We've lived in our house since 2008 and the grass in the backyard has always been a problem.  For many years there were five large trees in the backyard which provided a lot of shade.  The previous owner had them all cut (and didn't have the decency to leave me the wood! ) on the advice of the realtor because it was too dark in the backyard, too many leaves, etc...  The grass that was there was very thin and spotty because of the lack of sunlight.  It slowly filled in over the course of the next two years or so but never really took hold.  Then we got a dog...   Between the urine and the ball chasing the grass really took a beating and now we have more mud than grass which is a real PITA most of the year.  Now that my little one (the human...lol) is running around I need a yard that will take a beating.  

I don't really know where to begin, I have read a little about "overseeding" (cutting the existing grass really short, raking out the dead stuff, applying seed) and think that maybe that's the ticket, but I'm wondering about what I should be doing to prep the soil and what kind of seed to use.  What should I look for in a grass seed that speaks to durability?  I just want a nice thick lawn so that when kids and dogs run around/fall down on it they get covered in grass stains and not mud.  I live in New Jersey so the grass will see freezing temps as well blazing heat, but it should get plenty of rain.  Any ideas?


----------



## abrucerd (Feb 19, 2013)

I can't really recommend the following, because I haven't gone through a season of trial and error yet, but this year I plan on introducing clover into my lawn:
http://cloverlawn.org/

Basically, clover stays green during droughts, requires less watering and maintenance, and is resistant to pet stains. The only downside I've read about it is that it's flowers attract bees, which is only really a downside if you're worried about kids (I have one, and I'm sure he'll survive ).

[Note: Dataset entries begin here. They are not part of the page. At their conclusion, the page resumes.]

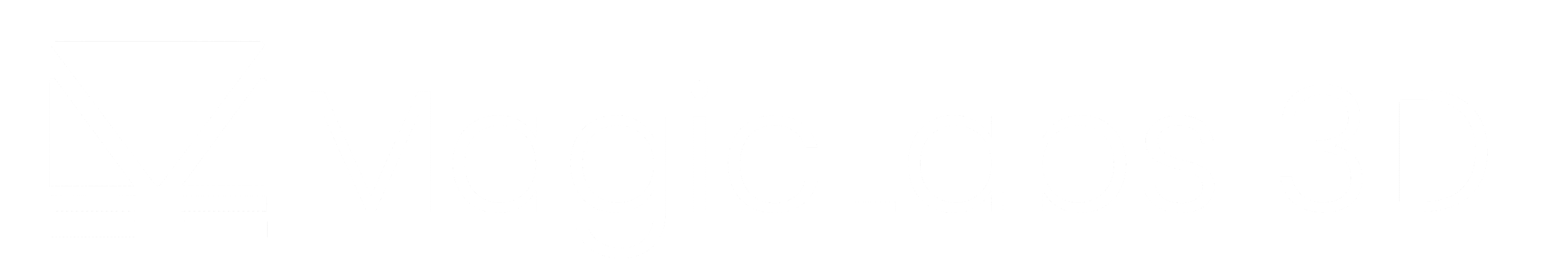 magiclabsfull logo white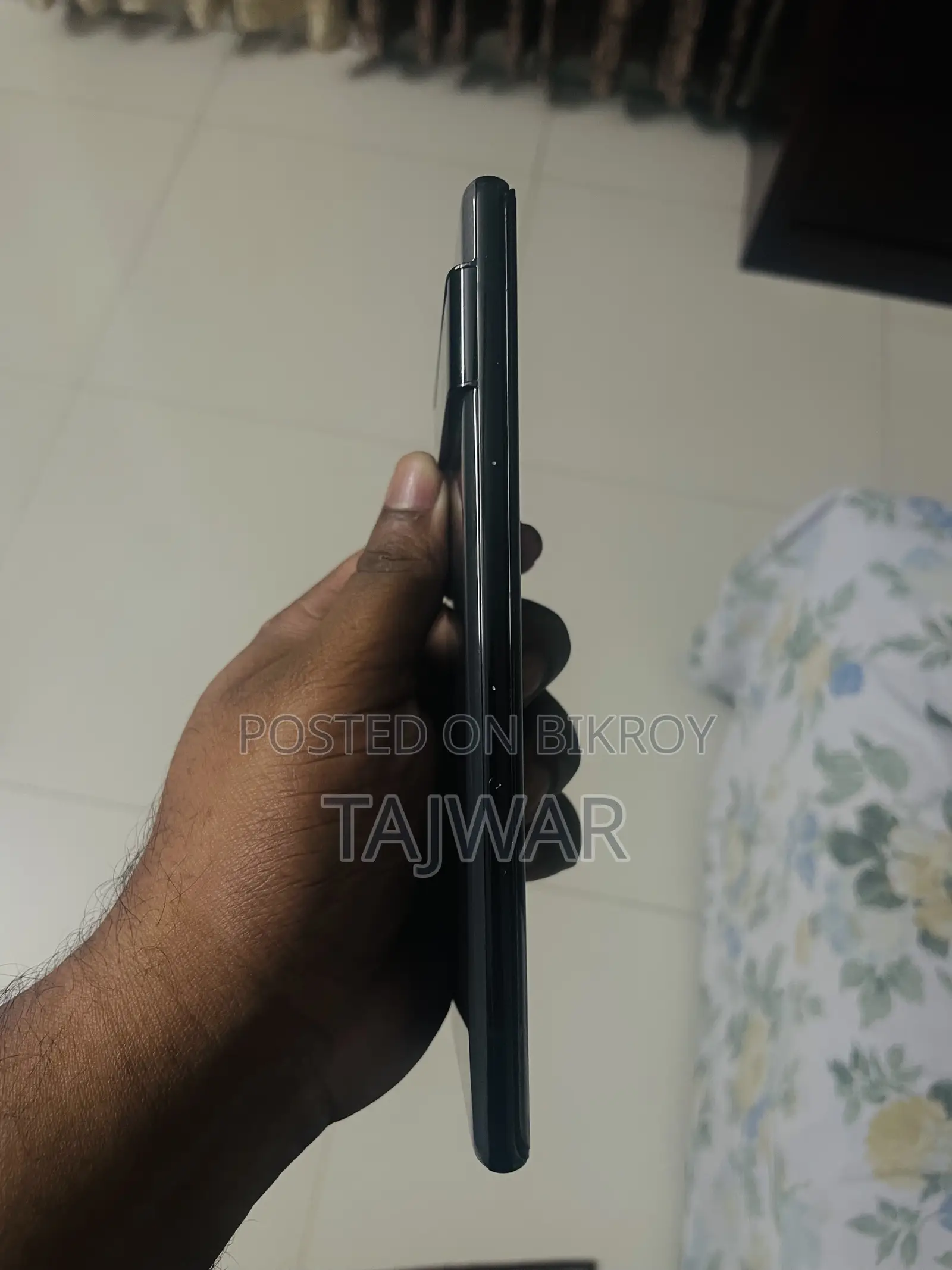 Google Pixel 6 Pro 128 GB Black
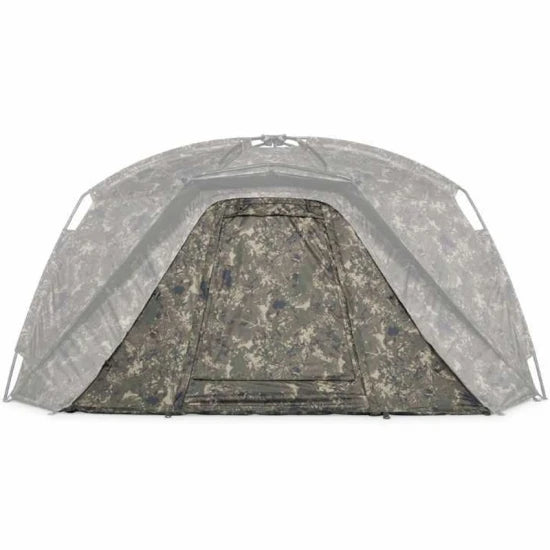 Panou Frontal Impermeabil (t4224) Pentru Adapost Nash Titan Hide Camo Pro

Anyway, I plan on frost seeding (http://www.versicolor.ca/lawns/docs/clover.html#spring) clover in the next few weeks, and hopefully it will start overtaking my standard grass (and crabgrass) over the next few years.

Best of luck!


----------



## Beetle-Kill (Feb 19, 2013)

You could try Zoysia grass plugs. They worked for me even though they're rated to grow only to 5900 ft. elev., and I'm at 8200.
Dog pee areas, well,...you have to "thatch the piss" out of them. I did, then stuck some zoysia plugs in those areas and it all came back.
Zoysia has been around for years, it might work for you.


----------



## loadstarken (Feb 20, 2013)

abrucerd said:


> I can't really recommend the following, because I haven't gone through a season of trial and error yet, but this year I plan on introducing clover into my lawn:
> http://cloverlawn.org/


You beat me to it!  Hehe
I have been wanting to do this for the last couple of years because there are a bunch of rentals in the neighborhood and the dandelions are out of control.  

The last couple of years I spent most of the time building a hops and vegetable garden so this might be my year to get my clover lawn going.  I mentioned it once to a friend that is anal about his lawn and he freaked out on me because he said it was a weed and I was stupid for considering it.  Oh well!  Hehe

I was at a golf course last year and noticed that there was a ton of clover so I talked with the grounds keeper about it.  He said it is the only thing that has lasted in high traffic areas and lives thru droughts.  I asked him what he does with the flowers that attracts bees and he said that he drops the mowers down a notch and puts a high suction pick up blade on when he see's them to cut them off.


----------



## blujacket (Feb 20, 2013)

Turf Type Tall Fescue


----------



## billb3 (Feb 20, 2013)

Clover isn't the greatest for going bare foot or toddlers on all fours. ( bees)
It can stay green though and even help crowd out and cool the soil for weeds like crabgrass.

It's possible and likely you still have a majority of fine fescue shade grass barely surviving in the heat of Summer.

Sometimes you're better off rototilling, raking out as much of the crap you've got now and just plain starting over.
Fall is usually best, but if you have to do it in the Spring it's usually best to get started ASAP.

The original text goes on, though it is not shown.